Le parfum de Céline
C’est étrange comme la nostalgie peut vous saisir et vous tenir en des lieux que vous n’avez qu’entr’aperçus. On lit quelques mots et on se figure tout un monde qu’on regrette désormais, qui devient une partie oubliée de notre propre vie. On vieillit de quelques années insoupçonnées, on s’emplit de substance. C’est peut-être cela qu’on appelle la littérature, ou ce qui fait les grands auteurs, ou ce que les grands auteurs réussissent : faire bruire des choses perdues, irréelles, les placer dans l’esprit, incruster des sensations, des odeurs, des sentiments, des hontes, des joies.

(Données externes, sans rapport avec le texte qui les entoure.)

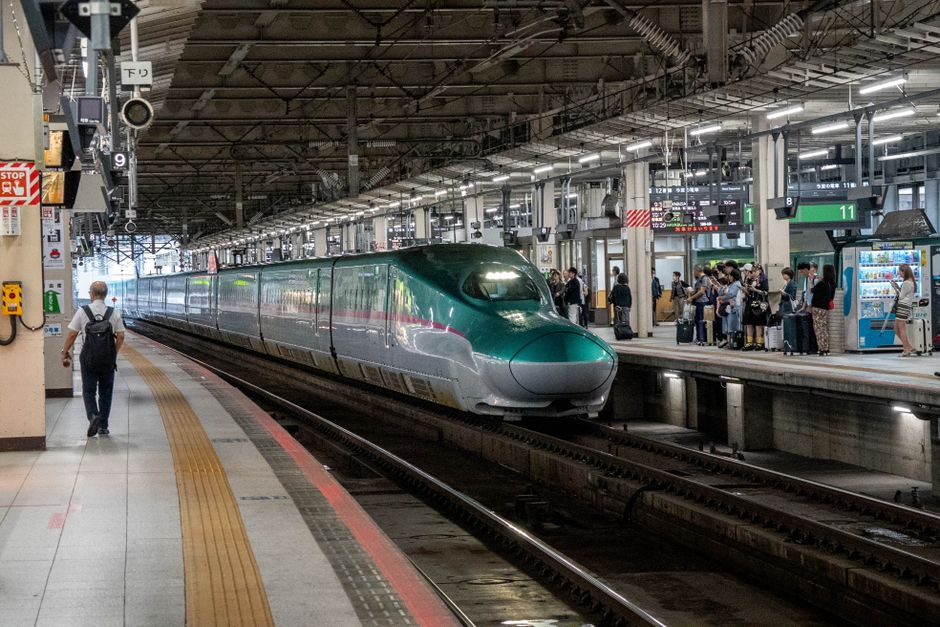 A high-speed Shinkansen train arrives at a bustling Japanese train station.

On lit Céline et on se rend compte que les appartements ne sentent plus rien. Que l’odeur a déserté, chassée vers on ne sait où, réfugiée peut-être dans quelques cuisines de familles heureuses. C’est que dans son monde, à Céline, les logis sentent le chou, le ragout, la peur ou le bonheur. Les ouvriers transpirent, les belles dames sont graciles et parfumées, et les mouches volent, escadrons, dans les pâtisseries. Son monde déborde de sensations à chaque coin de rue. De la poudre de la première guerre mondiale aux appartements de Rancy, en passant par les panneaux publicitaires lumineux de New-York, sa ville debout pas baisante, son voyage au bout de la nuit sent. Le fond de l’air n’est pas frais, mais il est consistant, présent, opaque et multiple comme il faut pour rappeler qu’on ne sent plus rien. Qu’on a déserté l’odorat à coup de Wizzard et d’Airwick, que le goût prend la suite par voie de conséquence biologique.

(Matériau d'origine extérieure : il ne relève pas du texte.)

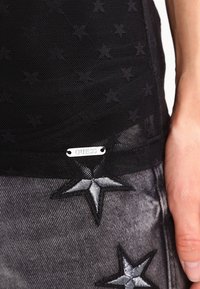 Top de malla negra con patrón de estrellas, que presenta una etiqueta de logo plateada. Combinado con denim gris, acentuado con estrellas bordadas en negro y plata.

Je me rends bien compte de ma nostalgie imbécile, de l’absurdité de regretter un monde qui n’a peut-être tout simplement jamais existé. Ou seulement dans la tête d’un type qui a su me le raconter. Mais je ne peux que me dire aussi que la seule mémoire dont je suis pourvu est celle de l’odeur ; mémoire animale qui me permet de distinguer encore des points dans le temps. Je me souviens de l’air que je respirais en vacances, en Bretagne, à vélo dans un petit village fermier. Odeurs de purin-engrais dans les prés, des vaches du champ d’en face, de cambouis du garage au coin. Odeur de blé coupé, de rosée du matin. Odeur aussi des vestiaires d’avant douche, puis d’alcool à eau de Cologne qu’on s’asperge comme pour se faire déborder de soi, comme pour devenir plus important, pour occuper l’espace. Qui sent le plus fort gagne. Parfum de lèvres que j’ai goûtées.

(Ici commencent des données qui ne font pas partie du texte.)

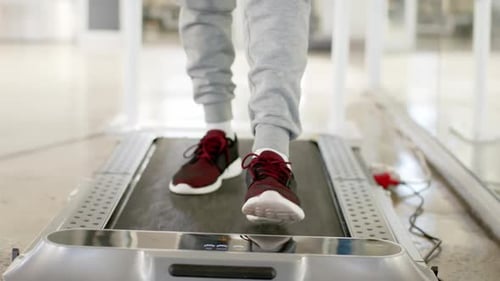 Person walking on treadmill for rehabilitation therapy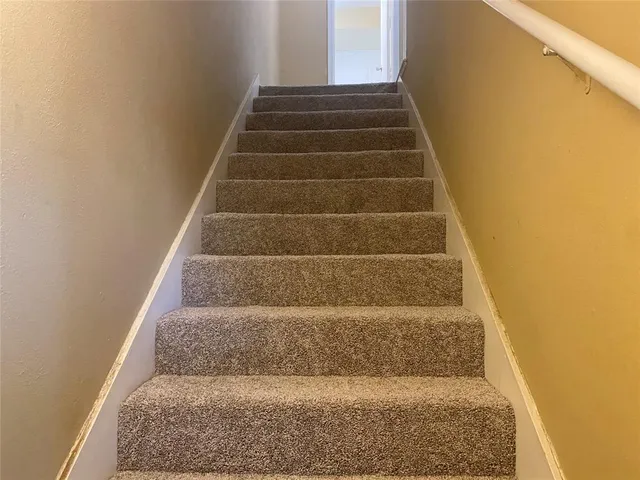 a view of staircase with white walls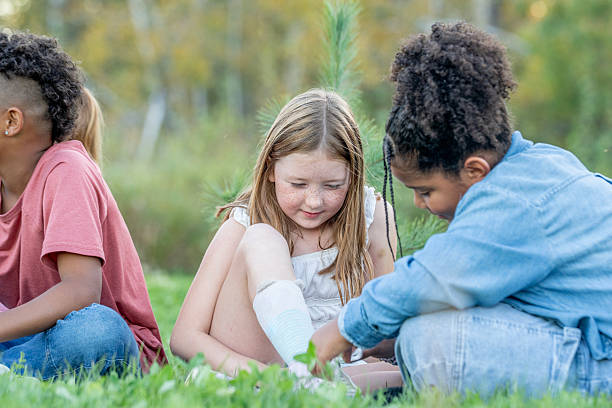 istock Diverse Group Of Kids Sitting On Grass Outdoors, Exploring And Laughing Together 2240108337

Toutes mes maîtresses ont perdu leur visage avec le temps. Elles sont devenues des corps anonymes, des caresses indistinctes et des moments interchangeables. Elles ne sont plus distinguées que par l’empreinte des parfums suaves de leur intimité. Des odeurs d’épices, forts ou transparents, de fleur, d’urine parfois ou de frottements. Rien que des odeurs uniques qui recèlent des histoires entières. Pas forcément sublimes, mais sans pareil. J’ai oublié les sons, les chaleurs, les mots les lettres, les regards. Elles sont contenues maintenant dans des petites bouteilles de parfums datées précisément, condensées dans quelques gouttes d’infinies mélopées olfactives, rangées chronologiques dans ma mémoire.
Alors que dire de Céline, autrement que les poncifs ? Que son Voyage est un chef-d’œuvre de style, de romanesque, qu’il est de ces auteurs, comme le dit Bouquet, qui vous renseigne sur vous ? Qu’il est l’exemple peut-être le plus parfait que la littérature n’a pas grand-chose à voir avec la morale ? Peut-être dirais-je simplement qu’il m’invite, sublime, à considérer qu’un roman peut-être un univers tout entier, totalitaire de sensations totales, capable de vous filer la honte de votre vie à force de vous considérer pour ce que vous êtes, de vous décrire si intimement sans parler de vous, comme ces gens qui font des reproches que vous seul pouvez comprendre.